Non è una notte di paura questa!

Nel Natale del Signore - Messa della Notte – Cattedrale di Belluno
25-12-2018

Isaia 9,1-6; Sal 95 (96); Tito 2,11-14; Luca 2,1-14

Non è una notte di paura questa! Siamo qui per rassicurarci gli uni gli altri che c’è sempre una notte nella nostra vita in cui il buio non vincerà.

È la notte di gestazione di una Luce che viene ad illuminare. È la notte in cui Dio si lascia avvolgere in fasce.

Ad agire è una donna, Maria. È imbarazzante: c’è un parto e lei è la mamma che partorisce e, nello stesso tempo, l’ostetrica che prende il nascituro e lo svincola dai legami della gestazione.

Un angelo avverte alcuni pastori che vegliavano il loro gregge: «Troverete un bambino avvolto in fasce, adagiato in una mangiatoia».

Nient’altro! Dio è “fasciato”, si è lasciato avvolgere tra le mani di Maria che non ha nulla se non ciò che una mamma nel suo amore previdente porta con sé. In quella stalla c’è soltanto la mangiatoia. Lì è deposto il bambino appena nato. Quella mangiatoia è degna di un Dio avvolto in fasce: è un infante che non ha la capacità neppure di parlare.

Non c’è umanità più grande della tenerezza di quella donna.

Nel cuore di quella notte il Dio delle antiche promesse sta svelando ciò che è rimasto nascosto dagli inizi. Nelle fasce in cui si lascia avvolgere è raccolto il suo immenso mistero, quello che a volte ci dà tanto timore.

È la “notte di Dio”: una donna che partorisce, un bambino avvolto in fasce, una mangiatoia dove viene deposto.

Riconosciamo in Maria l’umanità abbracciata da Dio, quell’umanità buona che ci è stata donata e affidata: a ciascuno, a tutti! Così l’ha pensata e creata il Signore del cielo e della terra.

Ora guardiamoci attorno: che cosa abbiamo perseguito e costruito nel nostro vivere?

In noi non c’è forse il grande bisogno di quella tenerezza che è lavorata dalle mani di Maria, dal suo sguardo stupito, dal suo dolore che trasuda gioia?

Ecco dove si è giocata l’immensità di Dio.

In quella notte – racconta l’evangelista Luca – accorrono nella stalla del parto alcuni pastori.
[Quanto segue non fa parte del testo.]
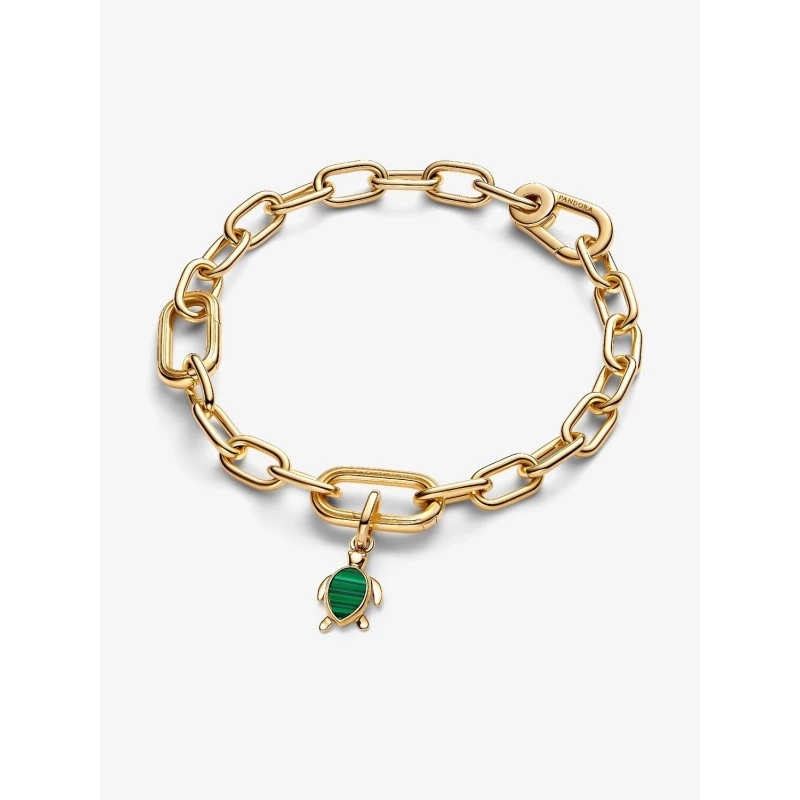 Charm Mini Colgante Pandora Me Tortuga Verde 763823C01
L’angelo annuncia loro «una grande gioia».

Ma dove cercare quella felicità il cui vuoto ci inquieta?

Forse abbiamo bisogno di attraversare per davvero questa “notte di Dio”, così da ritrovare la nostra umanità per la quale Dio diventa un bambino in fasce, adagiato in una mangiatoia.

Permettete che io accosti a Maria, alle sue mani di mamma e di ostetrica, al suo sguardo di meraviglia, al suo cuore disponibile, quanto mi ha raccontato ieri una donna di origine mussulmana. Si riferiva alla profonda amicizia costruita tra alcune famiglie di cristiani e famiglie di mussulmani: «Sono grata di questa amicizia che ci lega, perché è la forza che porto con me in tante situazioni in cui sono io emarginata per la tradizione culturale e religiosa da cui provengo. Voi siete la mia forza e la mia fiducia».

Nel Natale – in quella notte in cui un bambino in fasce è deposto nella mangiatoia – Dio ha scelto di “umanizzarsi”. Non c’è un’altra strada di felicità.

Aiutiamoci. C’è molto da umanizzare in noi e attorno a noi! Come ha fatto Maria, attraverso le sue mani con le fasce che portava con sé, in quella mangiatoia… con la nostra vita, così umana come Dio l’ha pensata e amata!